Hace solo seis meses, el Tribunal Supremo prohibió el ‘multireferéndum’ que varias organizaciones independentistas quisieron hacer coincidir con las elecciones europeas. Los Mossos d´Esquadra levantaron cientos de mesas de votación, además de denunciar por desobediencia a sus responsables. Nada de eso ha pasado este domingo en Cataluña, donde los jueces han seguido el criterio de la Fiscalía y han evitado, por “desproporcionada”, la retirada de las urnas de cartón. Conclusión obvia: el Gobierno, pese a sus críticas, ha consentido que Artur Mas y el frente soberanista hagan una demostración de fuerza que ha acabado derivando, si se mira bien, en una exhibición de debilidad. Esta actitud ha llegado precedida de un aviso emitido el viernes por Joan Rigol, presidente del Pacto Nacional por el Derecho a Decidir y uno de los enlaces con La Moncloa y el PSOE: en el guion del frente soberanista estaba bordear la legalidad, pero no violentarla, delegando la “ejecución” final de la consulta en más de 30.000 voluntarios.
De todos los escenarios posibles que manejaba en los días previos al 9-N el núcleo duro del Gabinete Rajoy y de lo ocurrido, finalmente, durante la jornada, cabe extraer tres conclusiones.

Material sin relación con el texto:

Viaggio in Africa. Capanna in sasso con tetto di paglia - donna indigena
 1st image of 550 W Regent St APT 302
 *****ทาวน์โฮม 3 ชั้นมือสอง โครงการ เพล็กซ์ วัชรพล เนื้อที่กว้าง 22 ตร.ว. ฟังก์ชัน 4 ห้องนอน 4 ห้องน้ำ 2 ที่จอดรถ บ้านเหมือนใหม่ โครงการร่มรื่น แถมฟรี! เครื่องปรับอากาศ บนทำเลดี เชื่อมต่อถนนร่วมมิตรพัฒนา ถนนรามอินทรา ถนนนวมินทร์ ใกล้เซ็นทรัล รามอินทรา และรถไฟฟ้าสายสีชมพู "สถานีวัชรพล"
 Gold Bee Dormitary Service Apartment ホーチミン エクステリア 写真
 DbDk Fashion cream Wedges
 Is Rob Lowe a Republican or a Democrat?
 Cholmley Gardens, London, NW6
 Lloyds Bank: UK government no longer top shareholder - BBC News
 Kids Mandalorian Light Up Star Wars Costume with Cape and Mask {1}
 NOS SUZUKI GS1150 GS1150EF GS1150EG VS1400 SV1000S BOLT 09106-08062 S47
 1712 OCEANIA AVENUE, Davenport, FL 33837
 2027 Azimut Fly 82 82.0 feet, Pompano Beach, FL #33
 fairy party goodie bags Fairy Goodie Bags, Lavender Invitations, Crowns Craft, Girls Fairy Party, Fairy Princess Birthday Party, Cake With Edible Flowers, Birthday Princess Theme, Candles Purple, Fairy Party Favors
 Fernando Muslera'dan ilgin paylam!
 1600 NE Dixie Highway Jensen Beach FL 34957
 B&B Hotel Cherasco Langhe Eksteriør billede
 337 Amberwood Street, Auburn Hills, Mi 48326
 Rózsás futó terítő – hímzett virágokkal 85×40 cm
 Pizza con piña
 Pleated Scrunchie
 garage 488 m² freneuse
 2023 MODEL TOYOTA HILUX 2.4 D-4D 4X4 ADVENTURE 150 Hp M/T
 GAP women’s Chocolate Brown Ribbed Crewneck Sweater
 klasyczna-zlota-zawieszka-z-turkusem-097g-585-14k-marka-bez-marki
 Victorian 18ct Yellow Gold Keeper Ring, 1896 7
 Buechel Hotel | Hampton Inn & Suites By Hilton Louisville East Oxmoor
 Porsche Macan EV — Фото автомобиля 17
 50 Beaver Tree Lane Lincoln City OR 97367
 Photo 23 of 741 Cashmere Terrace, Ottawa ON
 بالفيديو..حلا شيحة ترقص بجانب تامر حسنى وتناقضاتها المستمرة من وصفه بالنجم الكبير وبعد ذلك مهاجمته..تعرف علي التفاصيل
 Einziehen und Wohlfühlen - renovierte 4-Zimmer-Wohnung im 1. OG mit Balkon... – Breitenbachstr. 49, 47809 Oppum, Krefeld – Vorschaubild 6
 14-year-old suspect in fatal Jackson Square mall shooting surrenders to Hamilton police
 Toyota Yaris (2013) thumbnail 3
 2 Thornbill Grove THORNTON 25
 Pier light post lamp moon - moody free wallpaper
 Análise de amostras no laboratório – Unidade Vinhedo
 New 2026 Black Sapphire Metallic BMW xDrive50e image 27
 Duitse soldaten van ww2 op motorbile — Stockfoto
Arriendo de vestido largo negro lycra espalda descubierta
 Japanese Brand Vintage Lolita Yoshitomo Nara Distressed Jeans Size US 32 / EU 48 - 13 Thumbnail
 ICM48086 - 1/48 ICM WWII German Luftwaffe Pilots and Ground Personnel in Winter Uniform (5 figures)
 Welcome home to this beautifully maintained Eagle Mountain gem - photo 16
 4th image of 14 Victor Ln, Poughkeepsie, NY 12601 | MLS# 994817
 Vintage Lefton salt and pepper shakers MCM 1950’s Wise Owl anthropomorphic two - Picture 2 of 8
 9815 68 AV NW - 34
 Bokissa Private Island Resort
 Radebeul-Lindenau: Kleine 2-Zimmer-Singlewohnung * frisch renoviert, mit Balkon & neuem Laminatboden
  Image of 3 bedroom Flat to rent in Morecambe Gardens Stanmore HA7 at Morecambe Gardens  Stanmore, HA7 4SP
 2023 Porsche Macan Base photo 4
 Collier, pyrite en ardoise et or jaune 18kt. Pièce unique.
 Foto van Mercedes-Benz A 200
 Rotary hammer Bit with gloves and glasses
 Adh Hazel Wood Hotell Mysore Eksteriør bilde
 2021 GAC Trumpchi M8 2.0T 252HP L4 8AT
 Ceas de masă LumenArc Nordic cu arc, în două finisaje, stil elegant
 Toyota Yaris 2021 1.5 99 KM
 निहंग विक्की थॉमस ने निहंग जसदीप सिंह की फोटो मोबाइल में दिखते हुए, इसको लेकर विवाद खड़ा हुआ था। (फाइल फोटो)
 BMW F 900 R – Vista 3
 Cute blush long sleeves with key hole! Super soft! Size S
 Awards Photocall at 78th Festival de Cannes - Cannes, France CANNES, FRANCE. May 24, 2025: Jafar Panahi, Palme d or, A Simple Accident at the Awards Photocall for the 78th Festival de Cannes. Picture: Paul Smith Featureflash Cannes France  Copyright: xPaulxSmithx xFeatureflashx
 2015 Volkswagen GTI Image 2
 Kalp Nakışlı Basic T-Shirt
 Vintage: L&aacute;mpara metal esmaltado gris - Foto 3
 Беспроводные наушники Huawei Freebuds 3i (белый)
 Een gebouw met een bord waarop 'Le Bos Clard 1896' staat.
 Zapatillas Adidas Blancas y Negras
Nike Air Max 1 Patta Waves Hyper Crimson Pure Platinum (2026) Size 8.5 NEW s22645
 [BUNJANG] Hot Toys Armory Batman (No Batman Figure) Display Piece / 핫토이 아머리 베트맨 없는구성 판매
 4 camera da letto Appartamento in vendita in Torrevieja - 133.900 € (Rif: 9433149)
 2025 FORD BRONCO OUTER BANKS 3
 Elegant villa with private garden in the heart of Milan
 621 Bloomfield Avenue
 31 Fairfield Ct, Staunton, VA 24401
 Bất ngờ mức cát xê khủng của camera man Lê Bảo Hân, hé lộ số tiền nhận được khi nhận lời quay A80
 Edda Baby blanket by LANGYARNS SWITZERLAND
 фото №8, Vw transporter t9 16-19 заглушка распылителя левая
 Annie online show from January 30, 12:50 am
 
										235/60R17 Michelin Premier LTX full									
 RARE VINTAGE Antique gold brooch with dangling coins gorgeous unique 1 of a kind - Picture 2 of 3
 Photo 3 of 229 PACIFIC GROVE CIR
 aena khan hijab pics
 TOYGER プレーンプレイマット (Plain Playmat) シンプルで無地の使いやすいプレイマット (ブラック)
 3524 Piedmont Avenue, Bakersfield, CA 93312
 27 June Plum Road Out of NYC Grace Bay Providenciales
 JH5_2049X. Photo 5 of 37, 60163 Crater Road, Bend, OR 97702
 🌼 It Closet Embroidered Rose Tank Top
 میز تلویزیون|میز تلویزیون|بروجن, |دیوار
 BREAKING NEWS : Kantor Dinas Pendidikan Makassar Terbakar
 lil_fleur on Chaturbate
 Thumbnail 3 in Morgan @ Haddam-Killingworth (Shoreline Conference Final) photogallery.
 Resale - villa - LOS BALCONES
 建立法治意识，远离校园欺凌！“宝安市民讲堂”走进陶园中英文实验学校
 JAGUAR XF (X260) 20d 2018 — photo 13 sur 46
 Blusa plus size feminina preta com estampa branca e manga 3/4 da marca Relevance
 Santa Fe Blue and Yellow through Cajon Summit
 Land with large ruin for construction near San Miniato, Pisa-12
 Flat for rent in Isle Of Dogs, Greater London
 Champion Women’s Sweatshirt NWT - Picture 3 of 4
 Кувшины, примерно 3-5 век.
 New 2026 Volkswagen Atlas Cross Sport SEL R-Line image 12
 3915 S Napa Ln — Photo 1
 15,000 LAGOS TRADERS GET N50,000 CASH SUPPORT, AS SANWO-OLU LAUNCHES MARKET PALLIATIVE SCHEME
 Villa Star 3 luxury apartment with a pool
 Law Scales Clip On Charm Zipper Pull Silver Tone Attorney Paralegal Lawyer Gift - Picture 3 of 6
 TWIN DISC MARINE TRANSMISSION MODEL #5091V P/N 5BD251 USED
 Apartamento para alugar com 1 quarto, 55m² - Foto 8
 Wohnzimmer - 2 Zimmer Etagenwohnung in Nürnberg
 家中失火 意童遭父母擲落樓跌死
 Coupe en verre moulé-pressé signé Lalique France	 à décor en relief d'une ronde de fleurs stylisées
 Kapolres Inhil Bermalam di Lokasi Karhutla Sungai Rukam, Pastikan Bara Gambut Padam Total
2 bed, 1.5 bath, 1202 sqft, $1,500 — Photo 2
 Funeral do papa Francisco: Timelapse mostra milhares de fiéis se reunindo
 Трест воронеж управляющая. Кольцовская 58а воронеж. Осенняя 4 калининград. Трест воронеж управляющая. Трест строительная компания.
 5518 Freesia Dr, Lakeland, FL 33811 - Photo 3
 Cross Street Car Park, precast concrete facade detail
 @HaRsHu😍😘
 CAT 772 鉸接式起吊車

La primera es que este ejercicio de propaganda política ha sido controlado por sus promotores, obsesionados, sobre todo, con el eco internacional. No se les ha ido, pues, de las manos, como algunos en el Gobierno temían. Su inquietud por la resonancia en Europa explica la presencia en Barcelona de cuatro eurodiputados y otros cuatro parlamentarios nacionales de Bélgica, Reino Unido, Suecia, Francia, Alemania y Eslovenia. La Generalitat sale de este embrollo con la sensación de no haber provocado al Estado para que actúe con mayor contundencia. Esto tampoco ha sucedido. De hecho, en La Moncloa se valora que la Generalitat respetara la primera prohibición del Constitucional de celebrar el referéndum y la reconversión final del mismo en un “proceso participativo” que ha terminado rebajando el nivel de desafío institucional.
La segunda conclusión es que el 9-N deja cierto margen a las dos partes para continuar dialogando por los canales ya conocidos y evitar unas elecciones anticipadas en Cataluña. Ya resulta evidente que a Artur Mas no le interesan y hará todo lo posible por evitarlas. La declaración unilateral de independencia que jalea ERC desde hace meses tampoco está en la agenda del presidente de la Generalitat ni era algo inmediato que temieran ni el Gobierno ni la dirección del PSOE. Ahora entra en juego el papel que pueden desempeñar el PSC e, incluso, el PP para apoyar los Presupuestos autonómicos de 2015 y eludir una interrupción brusca de la legislatura, como la que le condujo a Mas a perder 12 escaños en 2012.
Por último, es obvio que Mas se ha dejado pelos en la gatera. El frente soberanista tal y como se conocía hasta hace mes y medio está roto y la división dentro de Convergencia y del Gobierno catalán es un hecho probado. Oriol Junqueras va a jugar sus bazas negándose a una candidatura conjunta con CiU, la única llave que podría abrirle la puerta a unos comicios anticipados. Ahora ya sabe que Mas va a intentar capitalizar el 9-N, pese a que en el fondo no ha hecho sino una demostración de debilidad. No ha conseguido ni ver tricornios impidiendo la votación ni tampoco movilizar mayoritariamente a un censo superior a los seis millones de ciudadanos llamados a este guateque festivo. Todo lo demás es charlatanería.